→ Exercise description
Beginning with the line where "CHAS HODGES /" appears, restate each line word for word until the data ends. Pictures do not go in.

→ Provided data
:::::
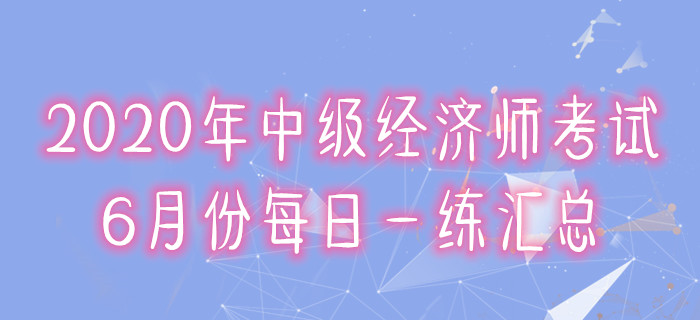 2020年中級(jí)經(jīng)濟(jì)師6月份每日一練匯總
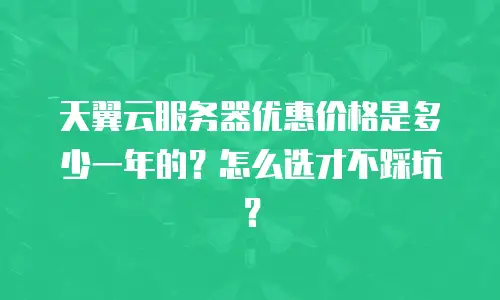 天翼云服务器优惠价格是多少一年的？怎么选才不踩坑？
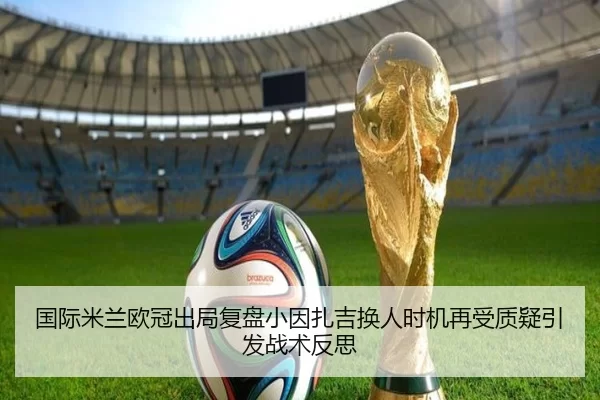 国际米兰欧冠出局复盘小因扎吉换人时机再受质疑引发战术反思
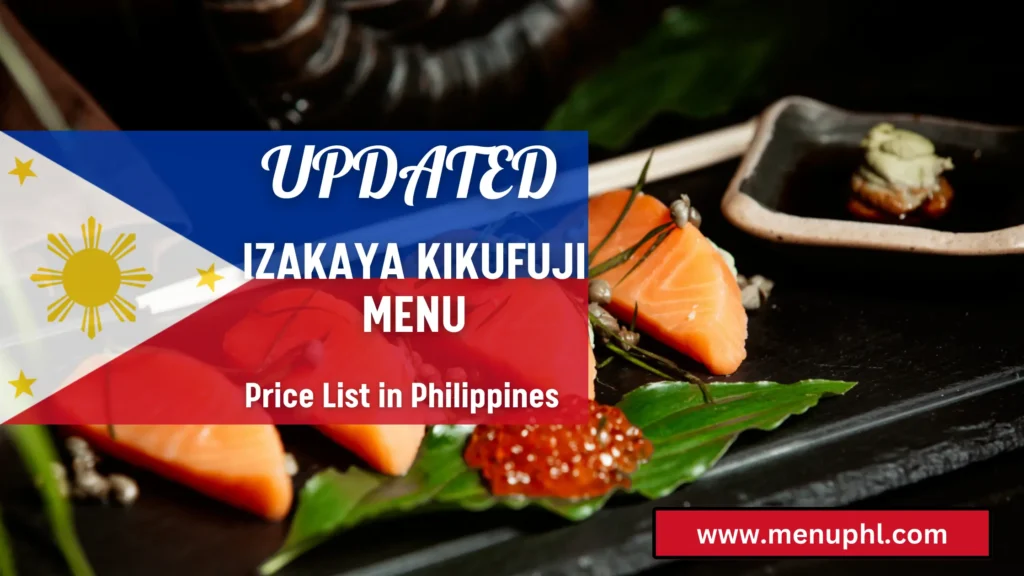 IZAKAYA KIKUFUJI MENU PHILIPPINES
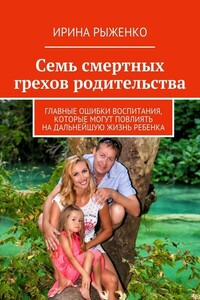 Семь смертных грехов родительства. Главные ошибки воспитания, которые могут повлиять на дальнейшую жизнь ребенка - Ирина Владимировна Рыженко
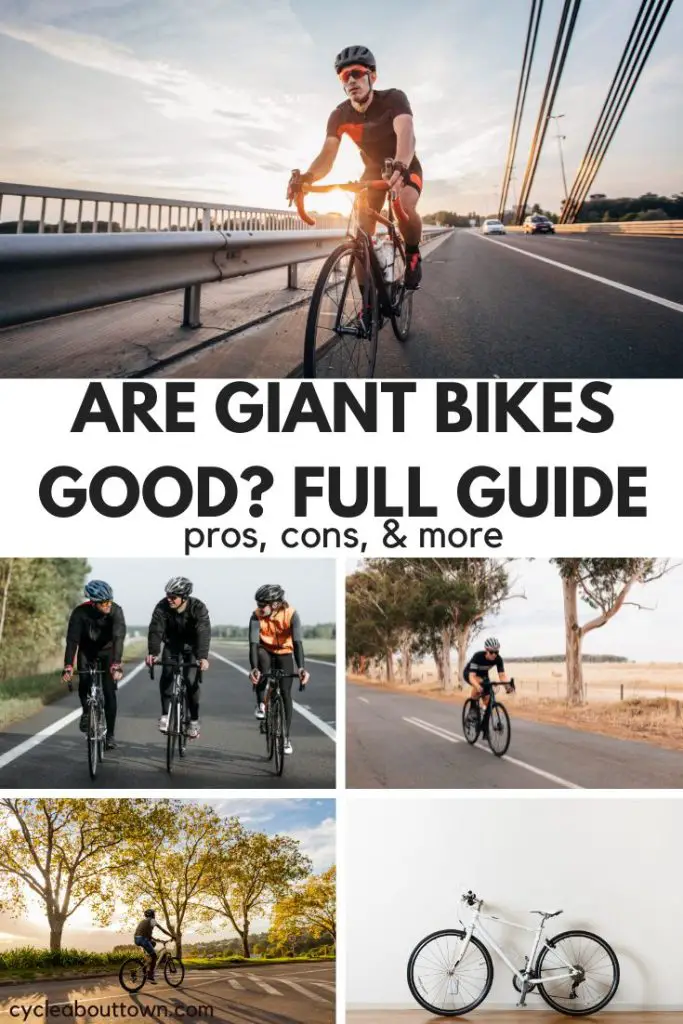 Several photos of bikes and people riding bikes, with middle text that reads are Giant bikes good? Full guide, pros, cons, and more.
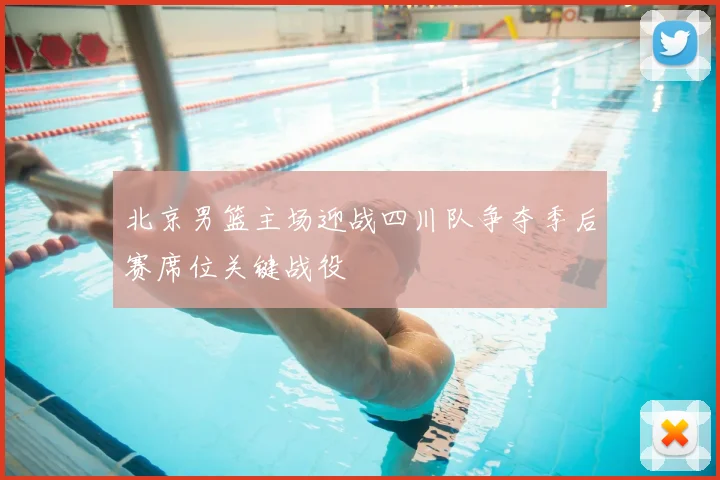 北京男篮主场迎战四川队争夺季后赛席位关键战役
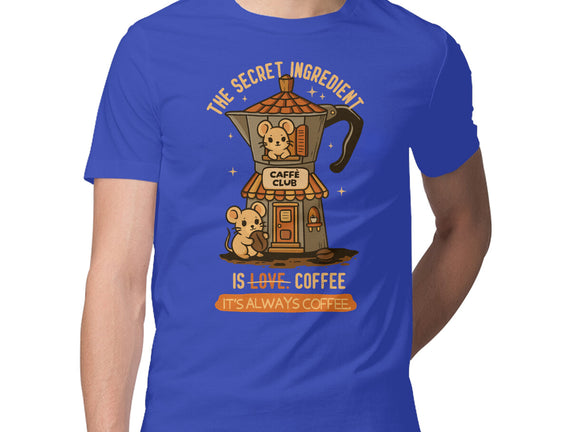 The Secret Ingredient Is Coffee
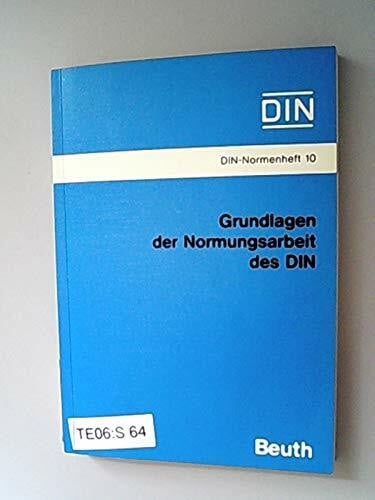 Grundlagen der Normungsarbeit des DIN (DIN-Normenheft)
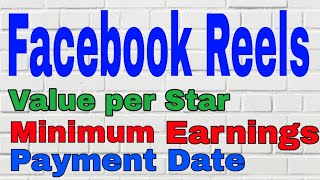 How to earn in Facebook Reels | Stars Value,Minimum Earnings and Payment Date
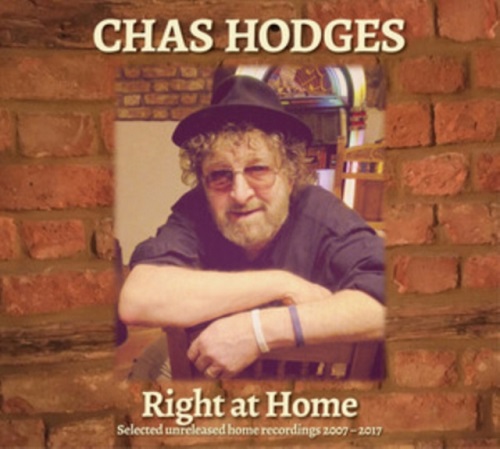 CHAS HODGES / RIGHT AT HOME:SELECTED UNRELEASED HOME RECORDINGS 2007-2017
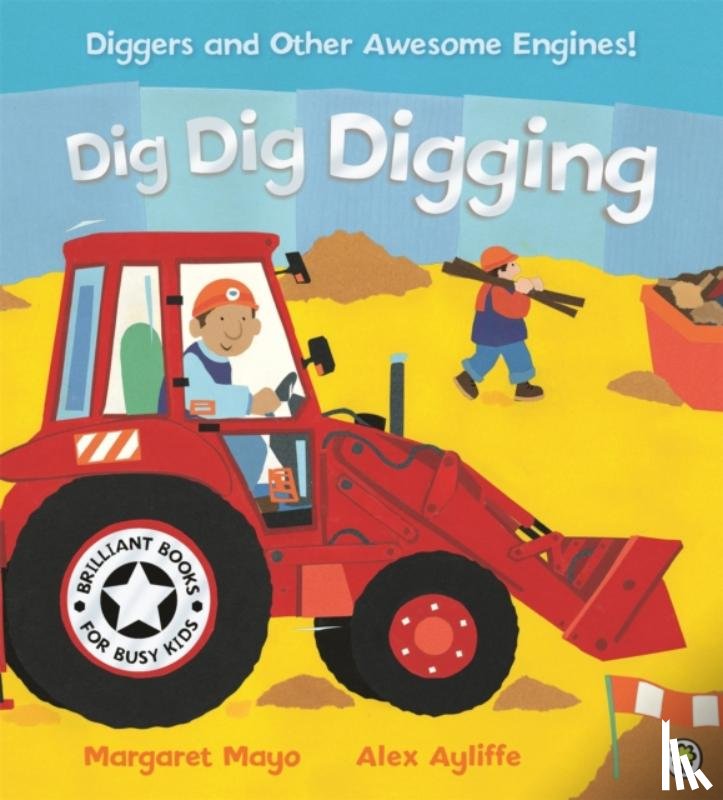 Mayo, Margaret - Awesome Engines: Dig Dig Digging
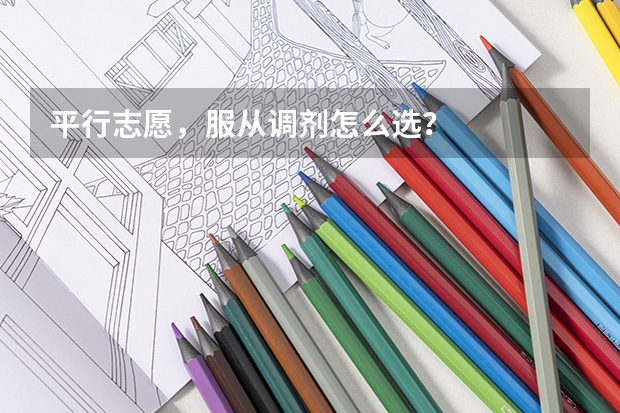 平行志愿，服从调剂怎么选？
:::::
→ Your response
 CHAS HODGES / RIGHT AT HOME:SELECTED UNRELEASED HOME RECORDINGS 2007-2017
 Mayo, Margaret - Awesome Engines: Dig Dig Digging
 平行志愿，服从调剂怎么选？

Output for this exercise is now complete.